● **DATA PROVIDED**:
=====
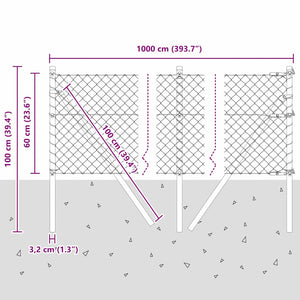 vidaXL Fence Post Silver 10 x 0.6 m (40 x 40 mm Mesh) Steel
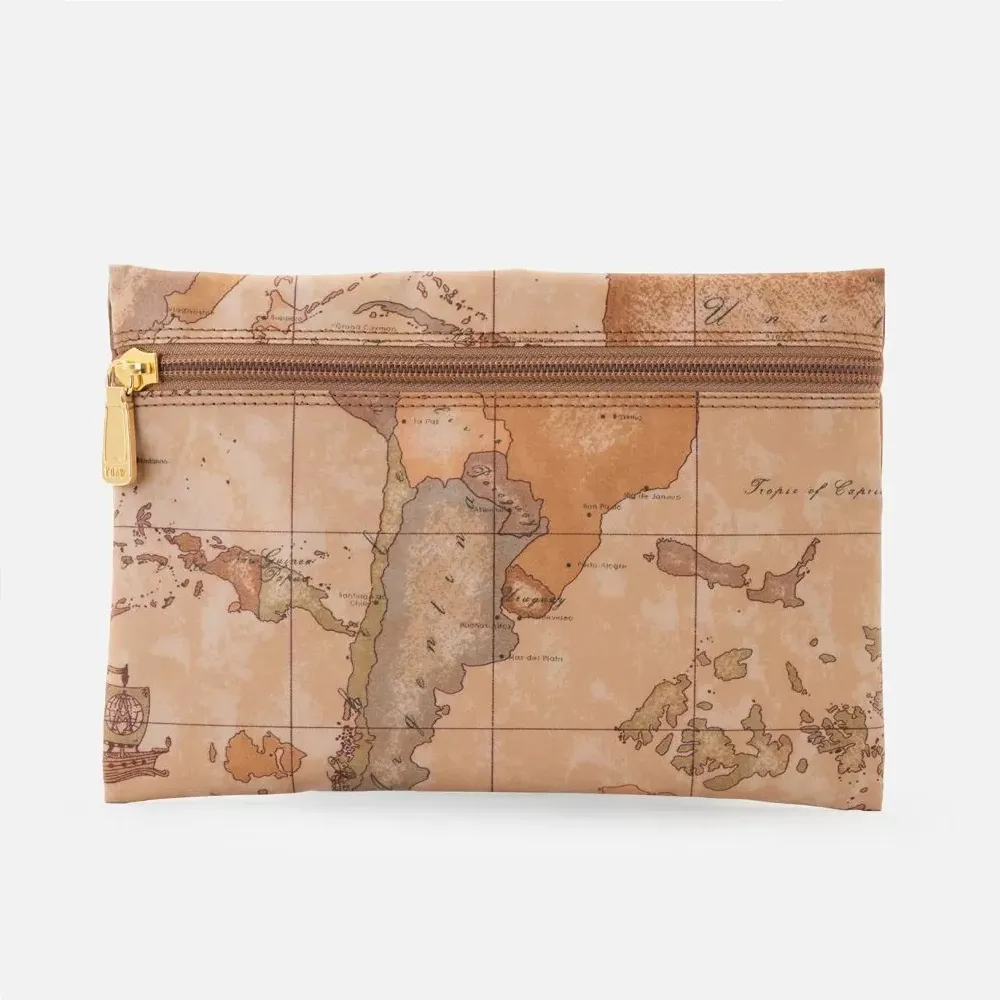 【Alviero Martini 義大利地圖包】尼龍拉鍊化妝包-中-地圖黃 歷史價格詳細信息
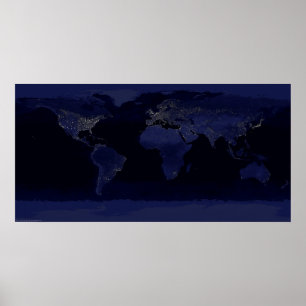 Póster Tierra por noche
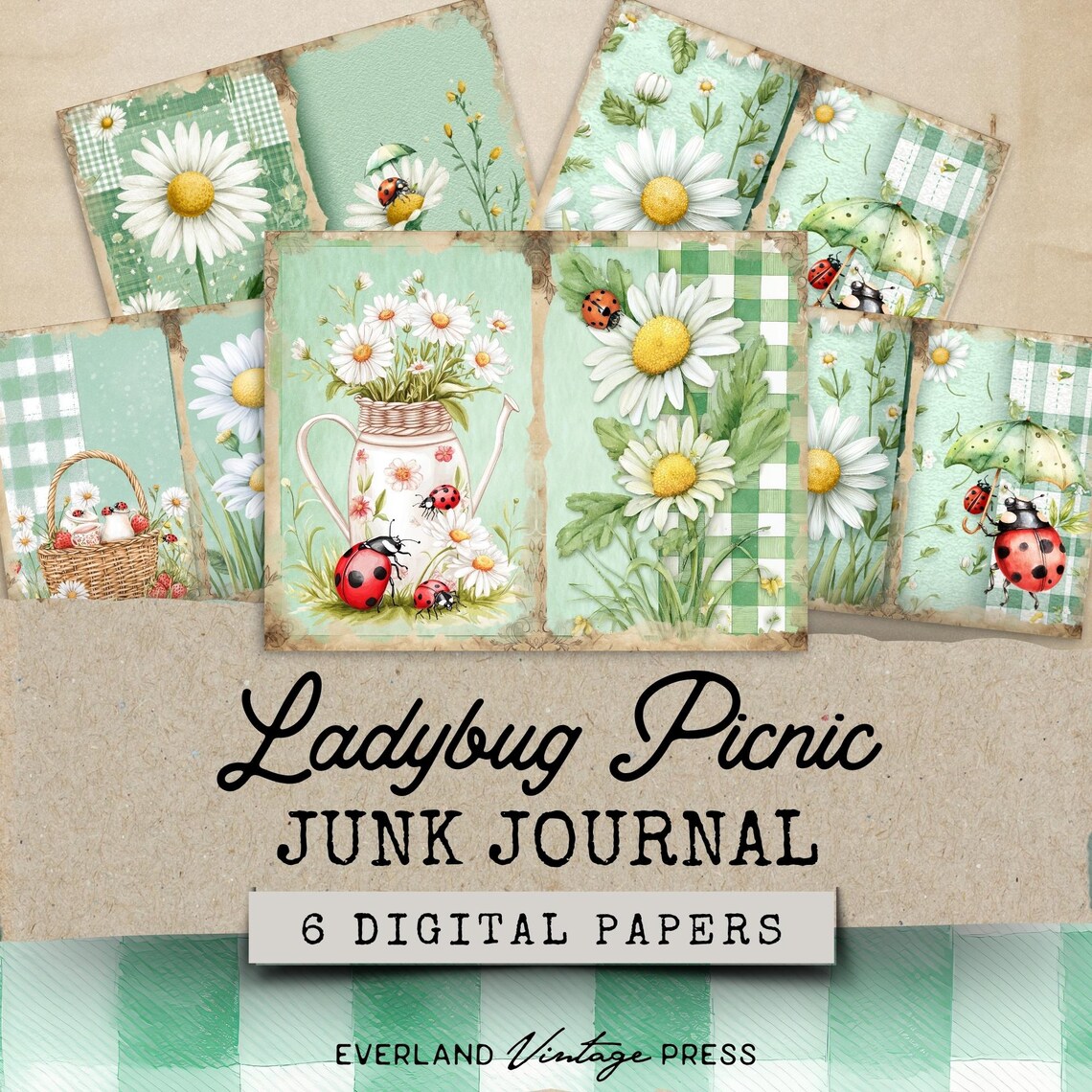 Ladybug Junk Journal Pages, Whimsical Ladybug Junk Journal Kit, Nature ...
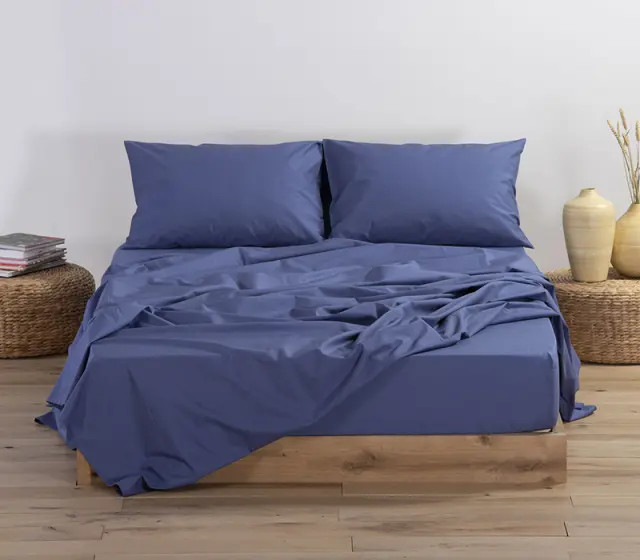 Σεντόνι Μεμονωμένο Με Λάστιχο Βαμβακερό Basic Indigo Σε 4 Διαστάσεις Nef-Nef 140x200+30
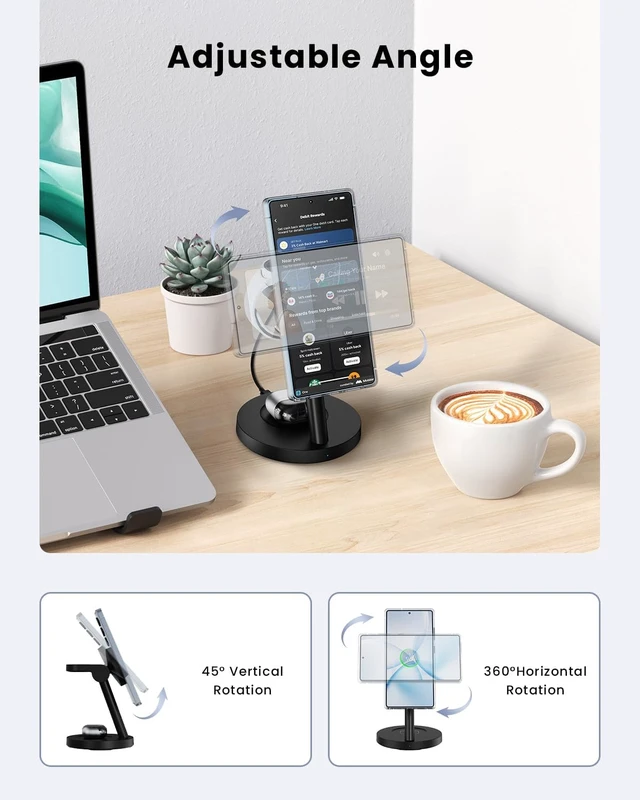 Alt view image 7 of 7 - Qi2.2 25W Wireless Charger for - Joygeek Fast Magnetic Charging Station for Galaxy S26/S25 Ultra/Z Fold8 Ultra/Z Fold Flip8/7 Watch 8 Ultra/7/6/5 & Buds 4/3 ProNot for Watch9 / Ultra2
=====
● **REQUIREMENT**:
Copy out the lines above unchanged. Skip the images.

● **REPLY**:
 vidaXL Fence Post Silver 10 x 0.6 m (40 x 40 mm Mesh) Steel
 【Alviero Martini 義大利地圖包】尼龍拉鍊化妝包-中-地圖黃 歷史價格詳細信息
 Póster Tierra por noche
 Ladybug Junk Journal Pages, Whimsical Ladybug Junk Journal Kit, Nature ...
 Σεντόνι Μεμονωμένο Με Λάστιχο Βαμβακερό Basic Indigo Σε 4 Διαστάσεις Nef-Nef 140x200+30
 Alt view image 7 of 7 - Qi2.2 25W Wireless Charger for - Joygeek Fast Magnetic Charging Station for Galaxy S26/S25 Ultra/Z Fold8 Ultra/Z Fold Flip8/7 Watch 8 Ultra/7/6/5 & Buds 4/3 ProNot for Watch9 / Ultra2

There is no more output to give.